As soon as you claim to “know your ideal customer” you’ve lost. You no longer try to impress, you develop a standard operating procedure, you try and stream line your operation at the detriment of your customer. Always, always, ALWAYS ask for feedback and never shut down a customer from speaking their mind, even if you disagree. The fact that you are willing to open yourself up to feedback it a step ahead of everyone else.
“Create a culture of speed and recognize that your key advantage is the ability to understand your customer adapt and fashion fast solutions.”

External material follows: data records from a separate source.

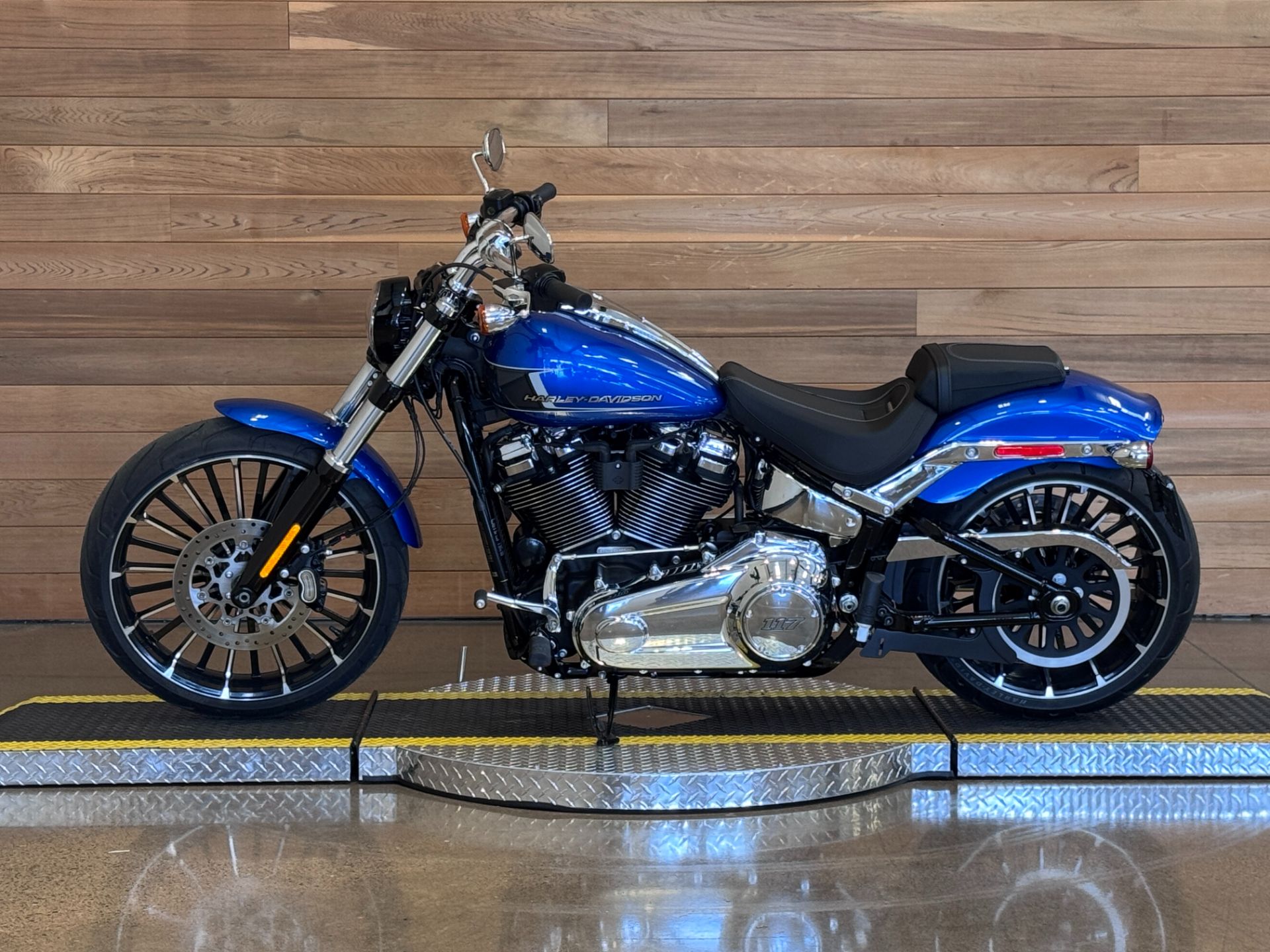 2024 Harley-Davidson Breakout® in Salem, Oregon - Photo 5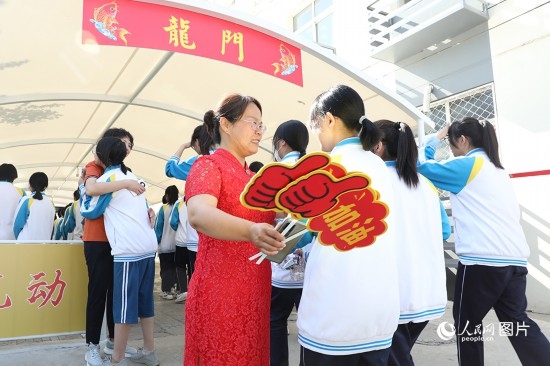 6月7日一早，雄安新區(qū)安新中學老師在給同學們加油鼓勁兒。人民網(wǎng) 李兆民攝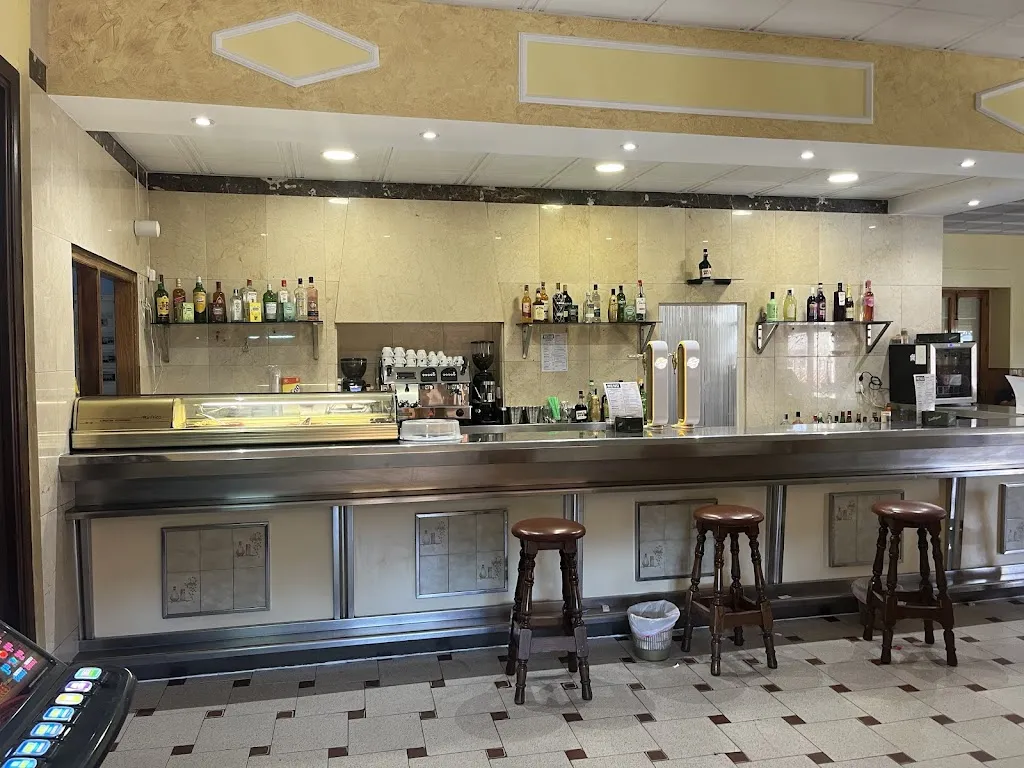 Sociedad Recreativa Vicenta de Mora restaurant in Huerta de Valdecarábanos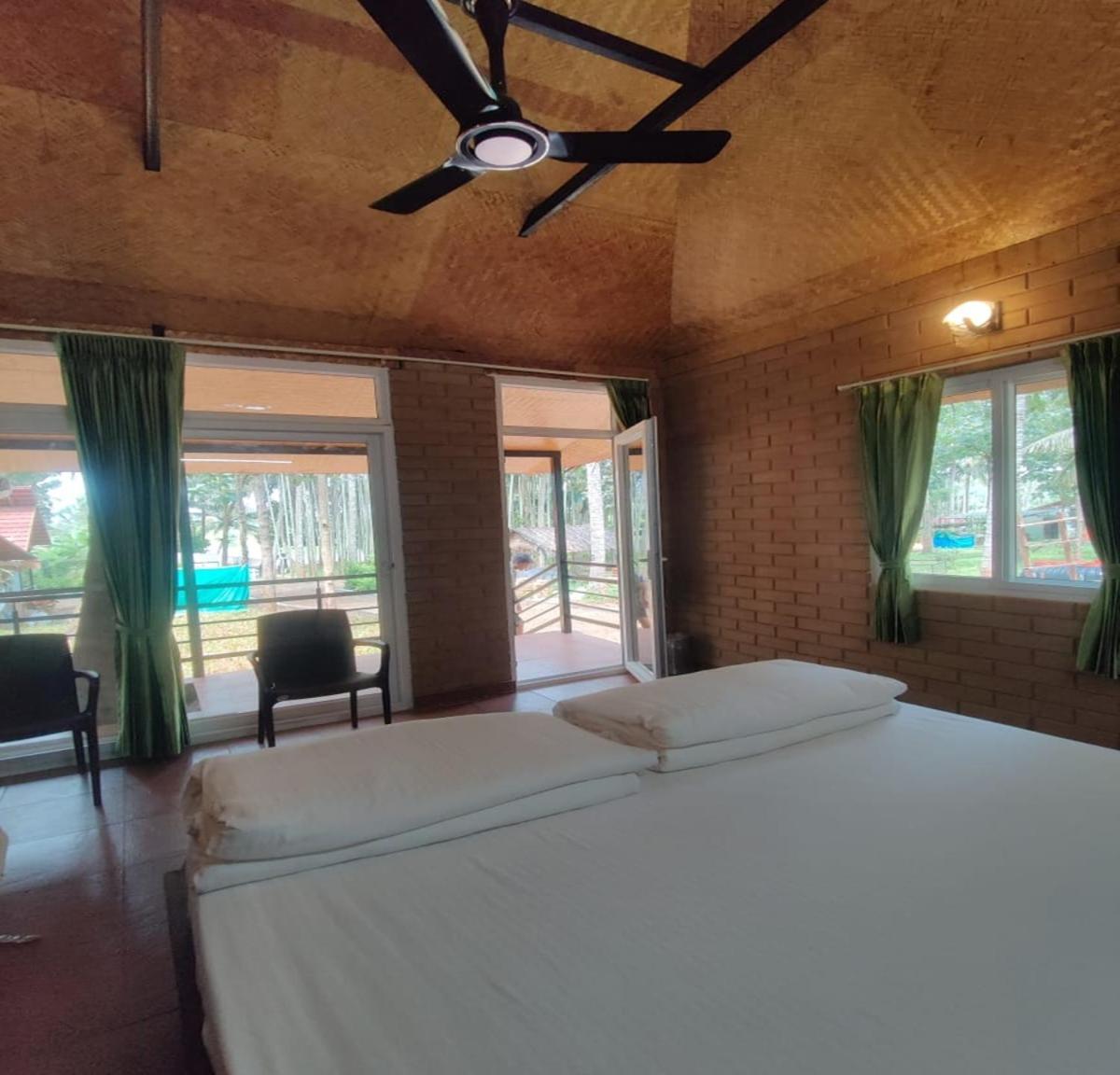 Cosmic Connect Trails Kabini Antharasanthe 외부 사진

In the book he talk about how Zara can take a item of clothing from runway to store in roughly two weeks. This is much faster than the traditional fashion designers who would take on average of a year to get a piece of clothing from the runway to the store shelf. Zara also collects feedback from power shoppers in an attempt to make things better. Imagine that, you could be telling a brand how to make a jacket, shirt or hat fit better over time because they know precisely what their customer wants.
Acquiring feedback is an absolute necessary in any line of work these days.
“Intentionally destroying your business model, products, and services can feel uncomfortable and even painful, but destruction enables unrestricted creativity while providing newfound flexibility and depth.”
This is very similar to the Steve Jobs attitude of making your own products obsolete before your competitors do. Intentionally throwing away what works to be able to expand on what you are doing is smart business, but counterintuitive. Most business folks would think that the tried and true model is better, why change what isn’t broken, right? Without experimentation there is no learning, with no learning there is no growth, with no growth you won’t have a business.
The innovative juggernaut 3M a long time ago for established their now famous 30% rule. 30% of their revenue annually must come from products developed in the past 4 years. How amazing is that? Every employee at 3M knows that they may have the next idea that the company takes to market. The force innovation by creating the 30% rule.
ABT! Always we testing.
“As strange as it may sound, one of the hard-to-fathom lessons from these traps is that “being good” at something may eventually keep you from reaching your full potential.”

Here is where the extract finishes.